I last saw Billy Connolly in 1975 at Newcastle City Hall. Tonight I’m going along with David to see him again at the same venue, a gig that I’ve been really looking forward to since I bought the tickets. 1975 was a breakthrough year for Billy Connolly. He made an appearance on Parkinson which catapulted him to fame in the UK, and his single DIVORCE was a hit later that year. When I saw him at the City Hall, he was on great form, a wonderful storyteller, lots of bad language, and wearing his famous banana boots. I remember being disappointed when I went to buy my customary programme. I was told programmes had sold out earlier in the tour and there were, therefore, none on sale at the City Hall gig. I consoled myself by buying a small bottle of Billy Connolly whisky (!) which was drunk a long time ago. Unfortunately I can’t find the bottle. Think it was called “nip o sweety”?!
I’ll report back after the gig on how Billy shapes up these days. More later.

John Cooper Clarke Whitley Bay Playhouse 22 Oct 2010

John Cooper Clarke Whitley Bay Playhouse 22 Oct 2010
So the Manchester punk bard comes to Whitley Bay (and he thought it was Whitby!).

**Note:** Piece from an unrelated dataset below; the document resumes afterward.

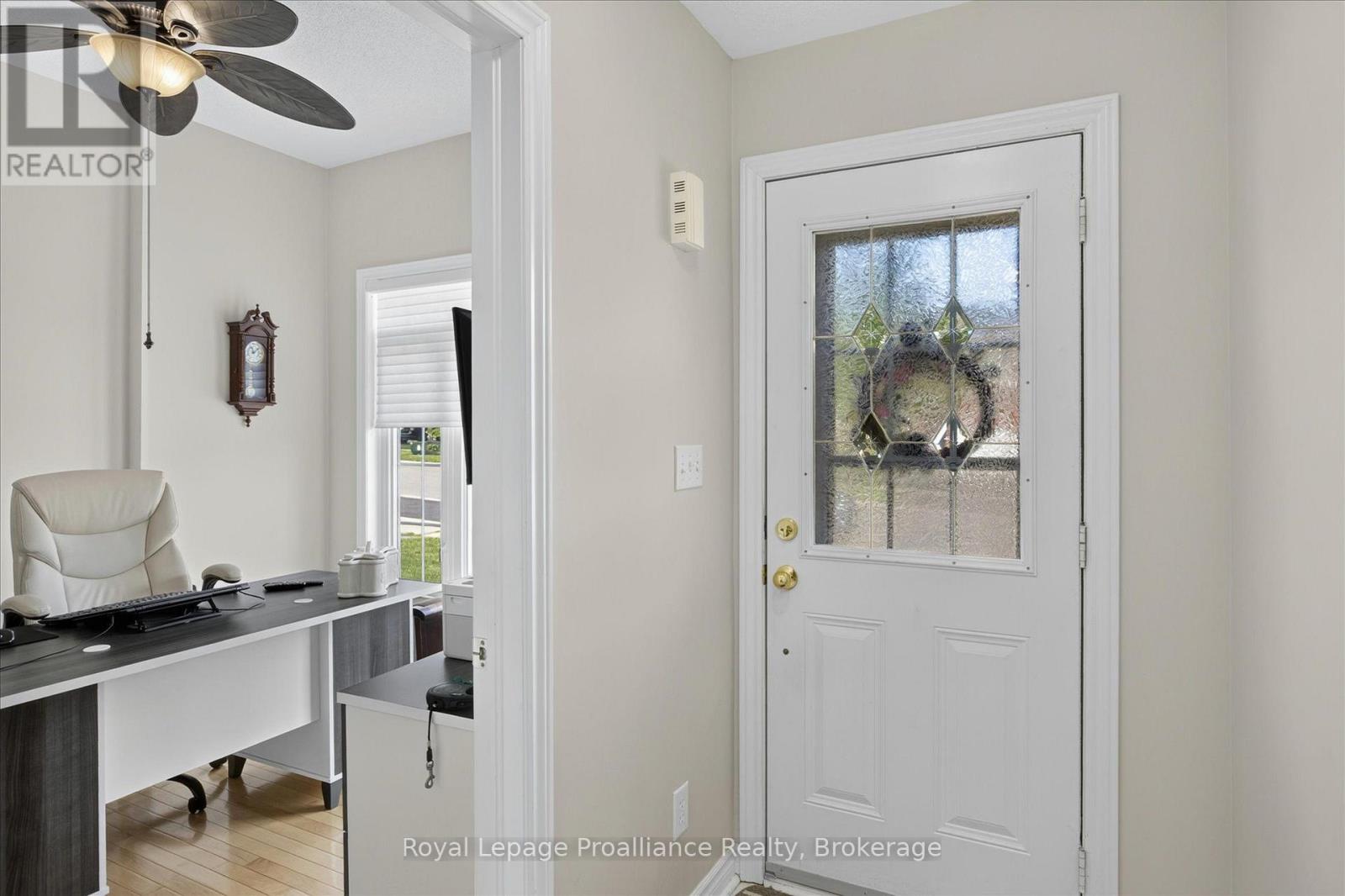 541 Garbutt Terrace, Peterborough (Northcrest Ward 5), Ontario  K9H 7S9 - Photo 5 - X13617090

Laura has been listening to quite a lot of John’s material and has wanted to see him for some time. For me it must be 30+ years since I saw him, probably supporting the Buzzcocks or Penetration or some other punk band of the late 70s. The Whitley Bay Playhouse has recently been renovated and this was our fist visit to this particular venue. We arrived while the support act was on stage, and decided to partake in ice cream (Laura decreed the honey flavour glorious).
John took to the stage around 8.45pm and treated us to some jolly good banter, lots of dry humour peppered with expletives, and northern observations that only John can create. The poems came thick and fast, and included old favourites such as Beasley Street which was given a revamp to bring it up to date with contemporary society (Beasley Boulevard), Twat, and Evidently Chicken Town. All of these were delivered at break neck speed in his monitone Mancunian manner. John looks pretty much as he did in the 70s in a tight black suit and wearing some great chelsea boots.
Laura said it was great, which I had to agree with.
Setlist (something like): Hire Care, Adverts; Limerick; The List; Beasley Street; Beasley Boulevard; Twat; Crossing the Line; Things are Gonna Get Worse; Evidently Chicken Town.